Na pena de degredo o réu deveria residir em lugar destinado pela sentença, dele não podendo se ausentar. Na pena de desterro o réu deveria deixar o lugar marcado na sentença. Em todos os casos, havia suspensão dos direitos políticos. O réu que não tivesse condição de pagar multas seria condenado a trabalho forçado, até que produzisse o suficiente para o pagamento da multa devida.

No caso de réus escravos poderia haver a condenação aos açoites, ao que depois seriam entregues aos seus senhores; essa regra foi revogada em 1886. Os que se encontrassem em estado de loucura não seriam punidos, enquanto a loucura neles perdurasse. O imperador, no exercício do poder moderador, poderia perdoar ou minorar as penas, o que não excluía do réu a obrigação de indenizar. As penas impostas não prescreviam em tempo algum.

O primeiro grupo de crimes era formado pelos chamados crimes contra a existência política do Império, iniciando-se com os crimes contra a independência, integridade e dignidade da nação. Era crime tentar contra a independência ou integridade do Império.
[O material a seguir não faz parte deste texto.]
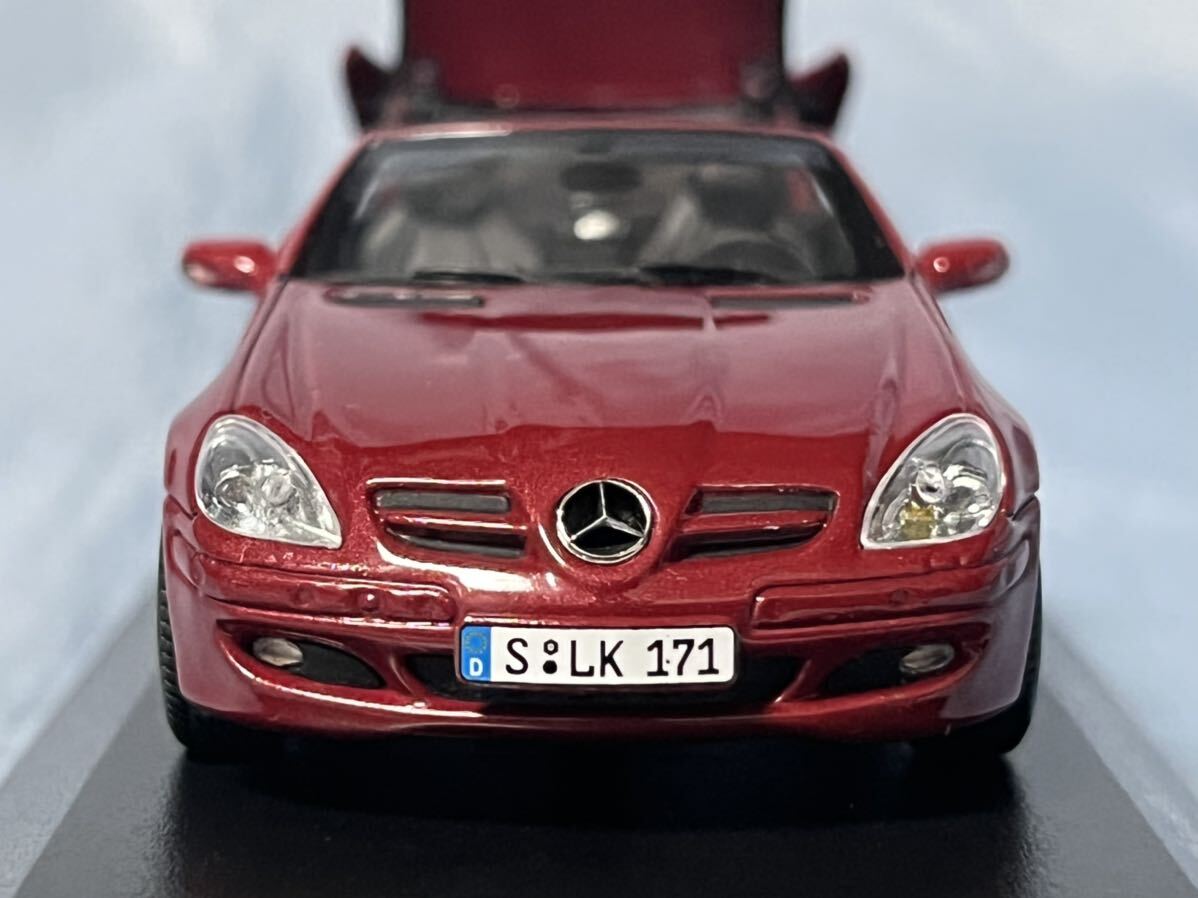  Minichamps производства Mercedes Benz SLK 2004 год 1/43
Havia capítulo que tipificava os crimes contra a segurança do estado civil e doméstico. Era o caso do religioso que celebrasse matrimônio entre contraentes não habilitados, o então chamado crime de celebração de matrimônio contra as leis do Império. A poligamia era definida como a contração de segundo ou outro casamento, sem que o primeiro fosse dissolvido; o ofensor era penalizado com prisão com trabalho, de um a seis anos, a par da obrigação de pagar multa.
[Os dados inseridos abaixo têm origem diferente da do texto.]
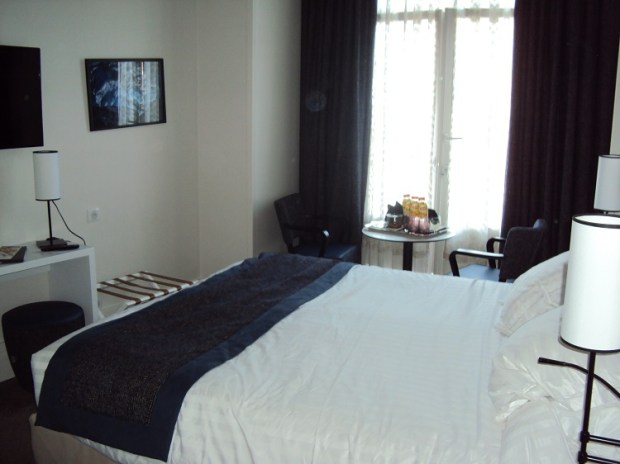 James Bond food Moderne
A mulher casada que cometesse adultério seria punida com pena de prisão com trabalho por um a três anos, pena que também seria imposta ao adúltero. Era também crime o homem casado possuir concubina, teúda e manteúda, a usarmos a linguagem da época.

As linhas gerais do Código Criminal de 1830 sinalizam algum avanço em relação ao modelo draconiano do Livro V das Ordenações Filipinas. Certa razoabilidade parece informar o texto, o que pode revelar forte influência do pensamento utilitarista de Jeremy Bentham na obra de Bernardo Pereira de Vasconcelos, autor do projeto e seu mais ardoroso defensor. Naturalmente, há vários pontos dos quais discordamos, ainda que discordemos mais do anacronismo, que consiste em ver com os olhos de hoje uma experiência histórica da qual não participamos.